If there is positive news, it’s an increased freshwater flow through the Everglades might be the relief Florida Bay needs, said Kelly Cox, a Florida Audubon attorney and member of the Everglades Coalition, a group of environmental advocacy organizations fighting to protect a sprawling system that stretches from north of Lake Okeechobee down to Florida Bay.

Although much work remains in the multi-billion-dollar restoration effort, one project that may already be helping is the reconstruction of Tamiami Trail, which effectively acted as a freshwater dam since 1928. A series of bridges constructed along the road in the last decade have helped bring more water south — and future projects promise a far larger and regular flow of freshwater. State government has also signaled support for restoration: Florida’s latest budget, signed in June, designates nearly $700 million for Everglades efforts.

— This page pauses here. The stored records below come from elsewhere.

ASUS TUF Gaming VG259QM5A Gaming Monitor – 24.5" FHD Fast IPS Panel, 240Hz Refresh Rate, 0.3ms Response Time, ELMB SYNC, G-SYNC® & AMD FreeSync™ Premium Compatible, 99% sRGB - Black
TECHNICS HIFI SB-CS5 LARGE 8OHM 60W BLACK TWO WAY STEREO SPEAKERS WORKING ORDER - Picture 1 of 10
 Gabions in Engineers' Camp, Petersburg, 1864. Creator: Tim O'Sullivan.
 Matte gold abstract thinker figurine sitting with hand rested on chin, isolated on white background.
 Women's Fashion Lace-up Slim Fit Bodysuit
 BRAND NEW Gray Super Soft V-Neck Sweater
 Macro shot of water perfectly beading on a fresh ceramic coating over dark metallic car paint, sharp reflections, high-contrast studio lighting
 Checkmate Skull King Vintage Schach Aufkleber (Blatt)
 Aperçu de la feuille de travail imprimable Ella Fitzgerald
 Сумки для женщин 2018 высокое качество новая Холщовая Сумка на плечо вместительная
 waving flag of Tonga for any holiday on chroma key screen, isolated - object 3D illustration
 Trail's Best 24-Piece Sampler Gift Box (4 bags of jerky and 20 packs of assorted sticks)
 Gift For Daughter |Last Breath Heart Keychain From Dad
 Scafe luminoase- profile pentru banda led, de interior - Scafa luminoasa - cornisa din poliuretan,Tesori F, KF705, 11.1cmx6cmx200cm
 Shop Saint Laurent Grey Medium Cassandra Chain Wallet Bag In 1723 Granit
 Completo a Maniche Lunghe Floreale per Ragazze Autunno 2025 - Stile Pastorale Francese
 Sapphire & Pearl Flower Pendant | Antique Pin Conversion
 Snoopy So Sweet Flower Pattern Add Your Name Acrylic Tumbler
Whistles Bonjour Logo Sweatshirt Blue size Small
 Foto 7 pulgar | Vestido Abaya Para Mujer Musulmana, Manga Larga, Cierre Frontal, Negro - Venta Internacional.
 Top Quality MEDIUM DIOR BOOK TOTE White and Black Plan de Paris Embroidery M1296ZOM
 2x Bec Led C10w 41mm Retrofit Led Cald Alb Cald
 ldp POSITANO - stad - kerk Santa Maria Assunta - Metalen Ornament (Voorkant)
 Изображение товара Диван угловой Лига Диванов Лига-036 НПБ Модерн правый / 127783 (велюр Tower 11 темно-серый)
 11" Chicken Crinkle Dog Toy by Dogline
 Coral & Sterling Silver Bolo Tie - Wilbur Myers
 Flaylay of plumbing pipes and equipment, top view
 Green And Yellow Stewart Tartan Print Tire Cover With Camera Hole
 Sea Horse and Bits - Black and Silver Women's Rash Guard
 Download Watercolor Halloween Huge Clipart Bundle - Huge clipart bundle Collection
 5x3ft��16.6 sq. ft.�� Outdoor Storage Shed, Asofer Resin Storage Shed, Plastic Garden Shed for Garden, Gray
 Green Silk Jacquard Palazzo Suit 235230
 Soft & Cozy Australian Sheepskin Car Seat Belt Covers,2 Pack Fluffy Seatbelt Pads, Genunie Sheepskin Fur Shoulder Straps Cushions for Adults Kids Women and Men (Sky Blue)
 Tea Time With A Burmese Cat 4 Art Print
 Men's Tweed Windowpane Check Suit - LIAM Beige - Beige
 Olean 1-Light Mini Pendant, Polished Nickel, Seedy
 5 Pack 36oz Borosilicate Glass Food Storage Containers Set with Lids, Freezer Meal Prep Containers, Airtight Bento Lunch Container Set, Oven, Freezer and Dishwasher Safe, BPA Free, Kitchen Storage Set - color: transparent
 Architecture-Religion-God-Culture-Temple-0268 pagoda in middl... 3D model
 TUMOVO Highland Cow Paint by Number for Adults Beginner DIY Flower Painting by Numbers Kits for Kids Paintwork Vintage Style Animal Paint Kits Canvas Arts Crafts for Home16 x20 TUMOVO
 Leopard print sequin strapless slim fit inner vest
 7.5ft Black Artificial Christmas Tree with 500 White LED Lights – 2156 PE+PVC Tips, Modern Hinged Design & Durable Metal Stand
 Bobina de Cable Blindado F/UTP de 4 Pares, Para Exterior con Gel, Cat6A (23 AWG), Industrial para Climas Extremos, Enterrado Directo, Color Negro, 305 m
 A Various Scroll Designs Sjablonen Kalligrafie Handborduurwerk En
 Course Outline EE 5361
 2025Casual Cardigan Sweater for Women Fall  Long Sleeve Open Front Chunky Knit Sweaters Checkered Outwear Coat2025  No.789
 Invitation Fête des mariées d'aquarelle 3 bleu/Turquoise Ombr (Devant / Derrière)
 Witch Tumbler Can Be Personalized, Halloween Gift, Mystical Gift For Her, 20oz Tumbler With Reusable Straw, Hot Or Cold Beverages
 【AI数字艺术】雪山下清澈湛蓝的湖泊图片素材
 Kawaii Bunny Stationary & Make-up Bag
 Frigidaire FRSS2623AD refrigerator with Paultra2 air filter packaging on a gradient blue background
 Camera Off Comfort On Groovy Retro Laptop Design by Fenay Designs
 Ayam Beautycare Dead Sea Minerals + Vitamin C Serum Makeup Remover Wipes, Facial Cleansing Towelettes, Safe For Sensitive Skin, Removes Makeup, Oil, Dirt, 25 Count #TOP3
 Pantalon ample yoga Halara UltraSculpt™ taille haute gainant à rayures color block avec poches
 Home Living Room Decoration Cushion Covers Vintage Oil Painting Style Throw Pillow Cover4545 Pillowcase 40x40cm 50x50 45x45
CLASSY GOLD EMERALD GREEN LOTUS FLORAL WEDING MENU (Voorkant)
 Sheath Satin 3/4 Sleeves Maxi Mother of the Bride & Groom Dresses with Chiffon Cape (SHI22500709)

There’s a handful of other projects in progress Cox hopes will protect Florida Bay in the long term as water quality issues abound.

“Seagrasses are surviving right now,” Cox said. “But if you have those compounding stressors — continued extreme heat, algal blooms — they build off of one another, increasing the risk of ecosystem collapse. And one of our best defenses to that is Everglades restoration.”